_Source records_.
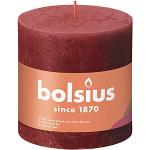 Rustika Röda Doftljus från Bolsius - 10 cm 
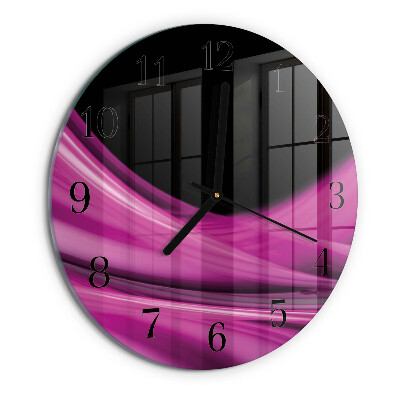 Orologio rotondo Linee astratte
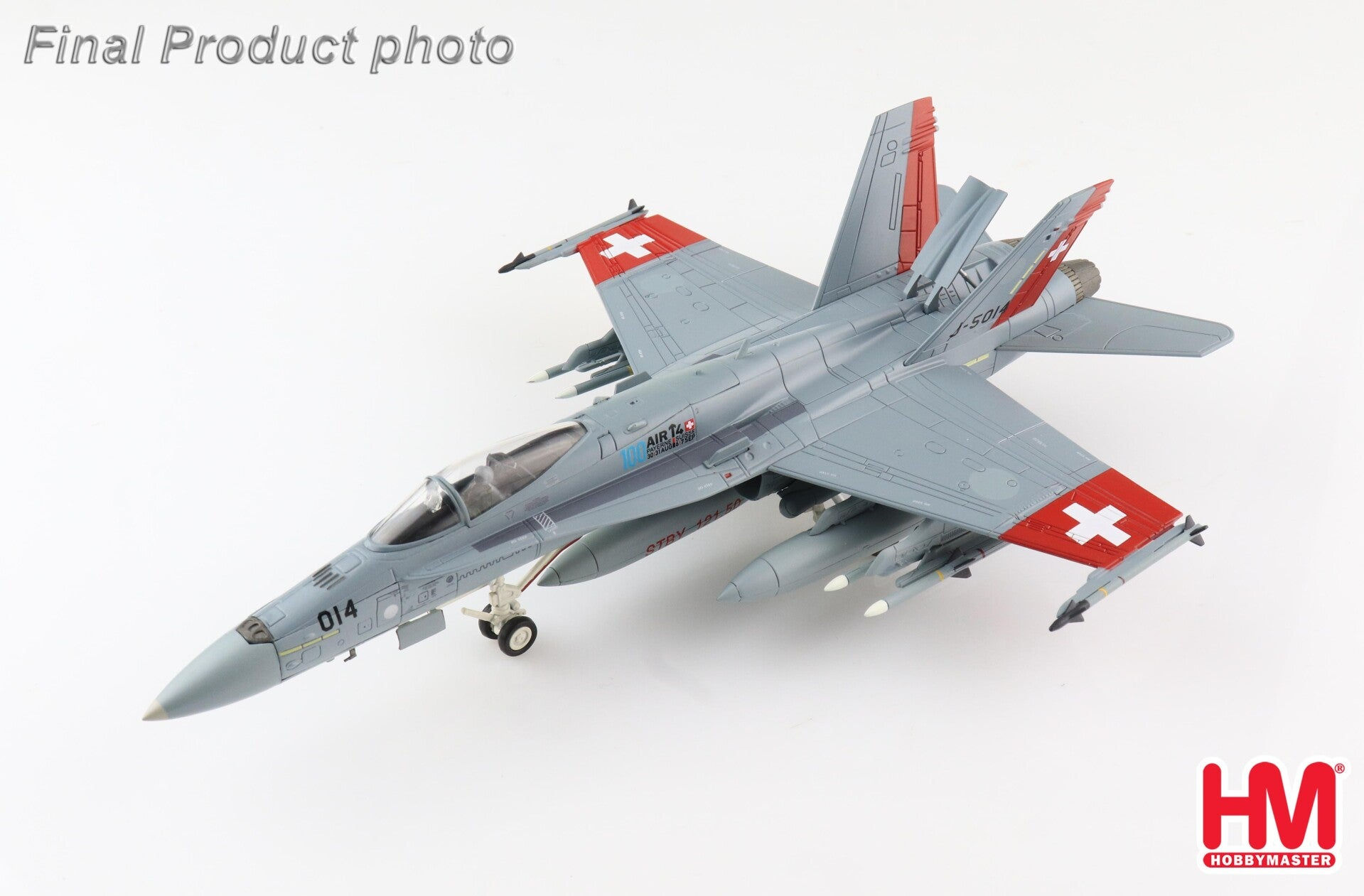 Hobby Master HA3572, F/A-18C Hornet J-5014, Swiss Air Force, 2014, 1:72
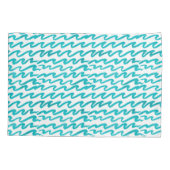 Waterverf Zee schildpad Kussensloop (Achterkant)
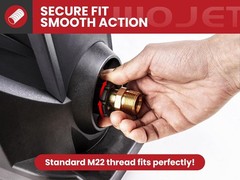WOJET Pressure Washer Adapter, M22 15mm Female Thread to 14mm Male Gold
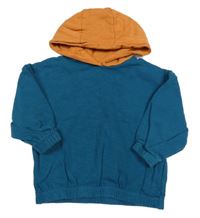 Petrolejovo-oranžová mikina s kapucňou John Lewis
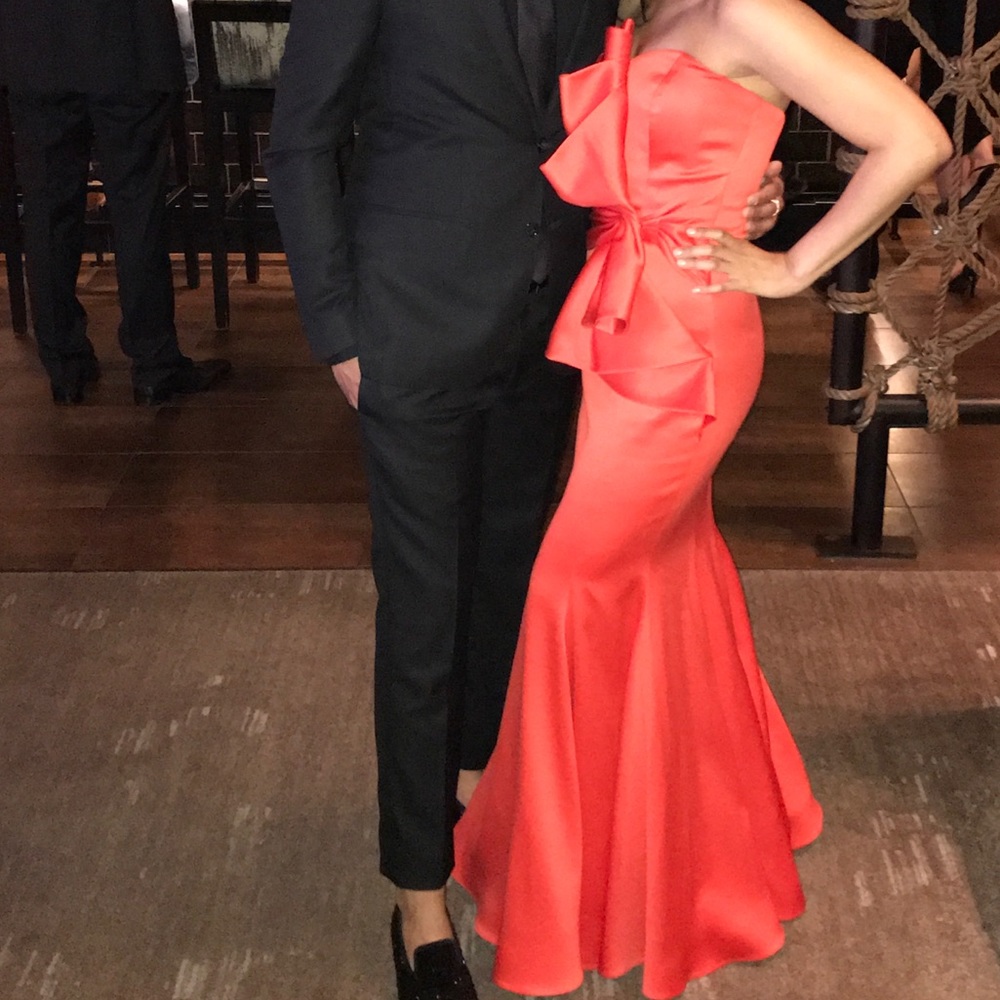 Badley Mischka red formal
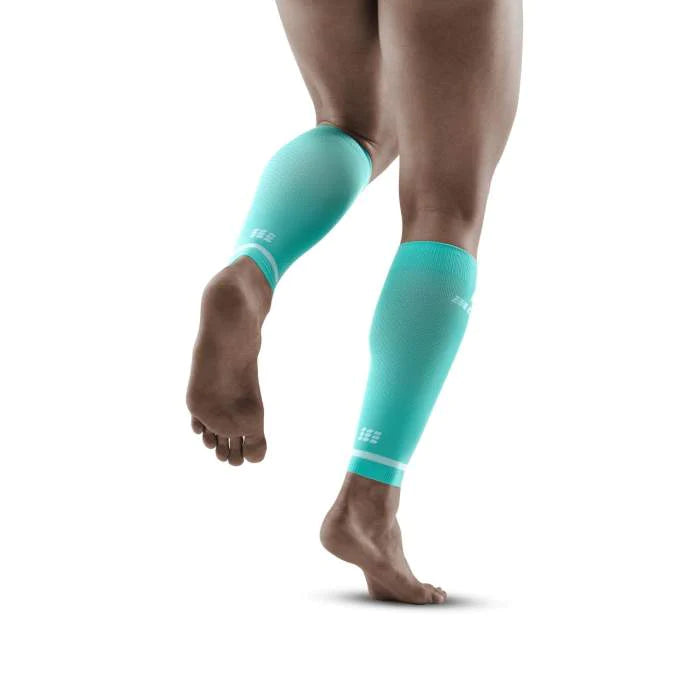 CEP Men's The Run Calf Sleeves V4 - Compression Socks for Running, Sports & Recovery - Ocean Blue - Improve Performance & Reduce Muscle Fatigue (Perfect for Marathon, Gym & Athletic Training)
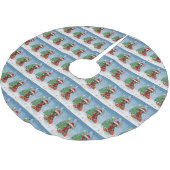 Dachshund Dog in sneeuw met kerstcadeaus Kerstboom Rok (Gekanteld)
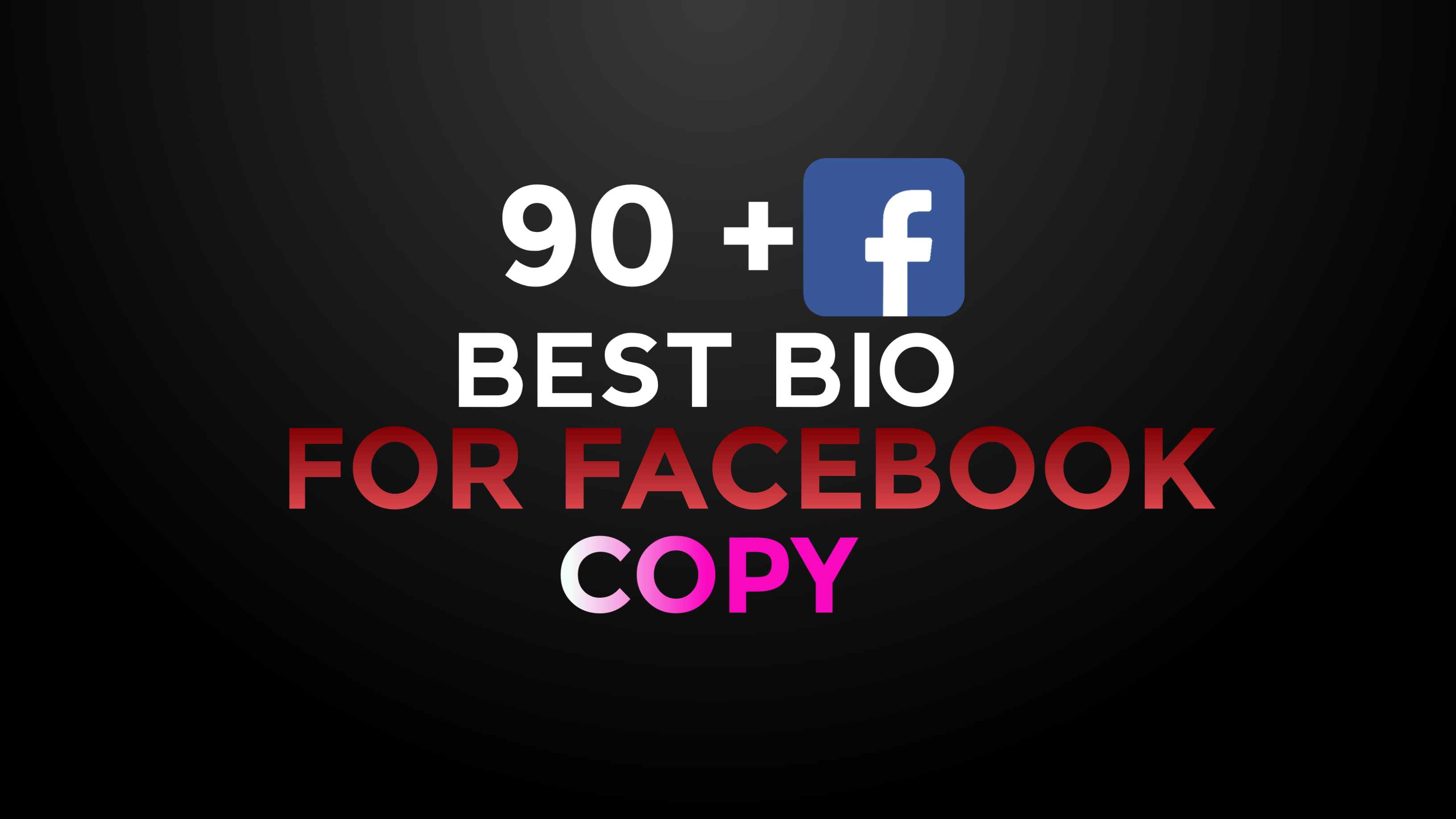 90 Best Facebook Bio Attitude Text Copy And Paste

_Work instruction_.
Return the material in full and unaltered, minus its pictures.

_Response to the task_.
 Rustika Röda Doftljus från Bolsius - 10 cm 
 Orologio rotondo Linee astratte
 Hobby Master HA3572, F/A-18C Hornet J-5014, Swiss Air Force, 2014, 1:72
 Waterverf Zee schildpad Kussensloop (Achterkant)
WOJET Pressure Washer Adapter, M22 15mm Female Thread to 14mm Male Gold
 Petrolejovo-oranžová mikina s kapucňou John Lewis
 Badley Mischka red formal
 CEP Men's The Run Calf Sleeves V4 - Compression Socks for Running, Sports & Recovery - Ocean Blue - Improve Performance & Reduce Muscle Fatigue (Perfect for Marathon, Gym & Athletic Training)
 Dachshund Dog in sneeuw met kerstcadeaus Kerstboom Rok (Gekanteld)
 90 Best Facebook Bio Attitude Text Copy And Paste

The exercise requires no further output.